There won't be another Interdimensional Cable sequel in season three.
Seasons one and two both included episodes that featured snippets of TV shows and commercials from cable channels airing in other dimensions within the universe. That won't be the case for season three, but Harmon teased something else to look forward to:
"The bad news is we didn't get to make one of those this season. The good news is we tried a different take on a somewhat anthological episode."

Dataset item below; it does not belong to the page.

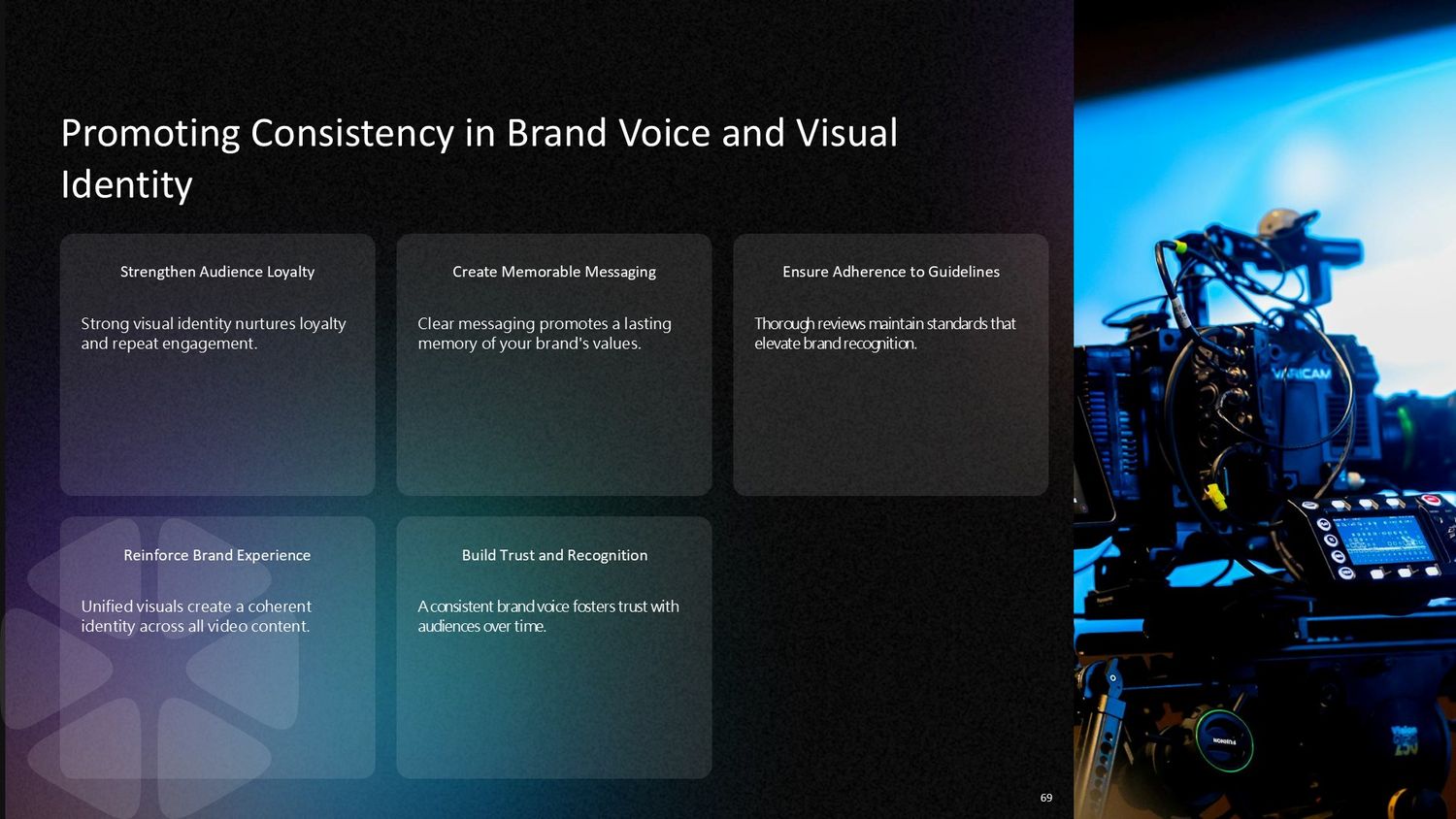 Complete Video Production Masterclass – Part 069: Promoting Consistency in Brand Voice and Visual Identity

There will be a Mad Max-themed episode.
Rick and Morty episodes are loaded cultural references from movies, books, and television shows, which range from painfully obvious to the vague and obscure. Harmon didn't say much about what parodies may be in store for season three, other than that there will be a Mad Max-esque episode homaging George Miller, as teased in the season three trailer.
"One really satisfying one that we've wanted to do for a while that we finally get to do is George Miller, Mad Max, post apocalyptic, diesel-fueled dystopia, nuclear wasteland kind of genre. Using that as a backdrop was kind of fun. [We] got to design all of those vehicles and weapons and characters, and explore themes of manhood and womanhood."